JFEスチール(株)は2003年に日本鋼管(株)と川崎製鉄(株)とが合併して発足したが、当千葉地区は旧川崎製鉄(株)の工場であった。現在、当社の製鉄生産量は世界第4位であるが、その技術力および設備は世界のトップクラスに位置している。
会社概況説明を受け、製鉄ビディオを見た後に、バスで構内を見学した。敷地はなんと820万u(東京ドームの176倍)もある。大きく分けて、工場は3つあり、我々は溶鉱炉のある「東工場」と熱間圧延工程のある「西工場」を見学させて戴いた。
「鉄は熱いうちに打て」のことわざの通りに、厚さ30センチほどの羊羹状の赤い銑鉄板が600メートルの一貫圧延工場で、厚さ数センチの帯鋼に時速100メートルのスピードで加工される工程は、見学者を圧巻するものがあった。以前、同工場を見学したことがあるが、当時は溶鉱炉から取り出した真っ赤に燃え上がる銑鉄が作業員の足元を流れ、上半身が裸身の作業員が忙しく動き回っていた。また、鋼板の傷の検出は目視で行われ、多くの作業者が工程内で監視作業をしていたことを思い出す。現在は、従業員も当時の1/3の人員となり、しかも鋼板生産量は当時より数倍上がっていると説明があった。確かに、工場内にはほとんど人が見られなかった。また、品質の作り込みもチェックや検査に頼らずに、源流で確実に管理する体制が確立されている様子が伺えた。
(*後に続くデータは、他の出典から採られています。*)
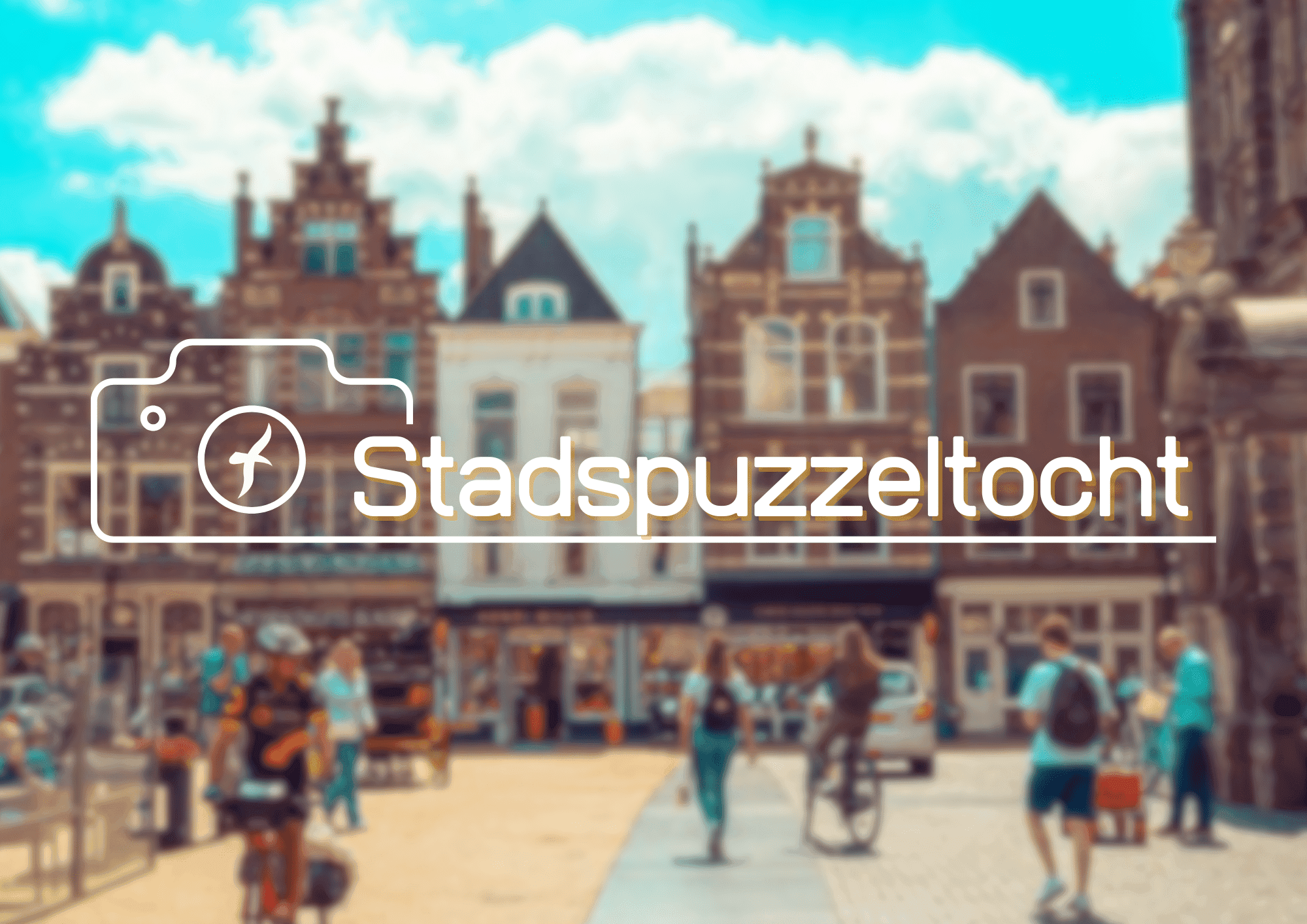 Stadspuzzeltocht header image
製鉄産業は二酸化炭素の排出量も多く、環境への取組みも大きな課題として、真剣に取り組んでいた。
「鉄は国家なり」といわれるが、バブル経済の崩壊後、日本の産業の勢いが弱くなったように感じたが、日本の基幹産業が世界トップに君臨して、力強く歩んでいる様子を目のあたりにして、暑さを忘れて帰路についた。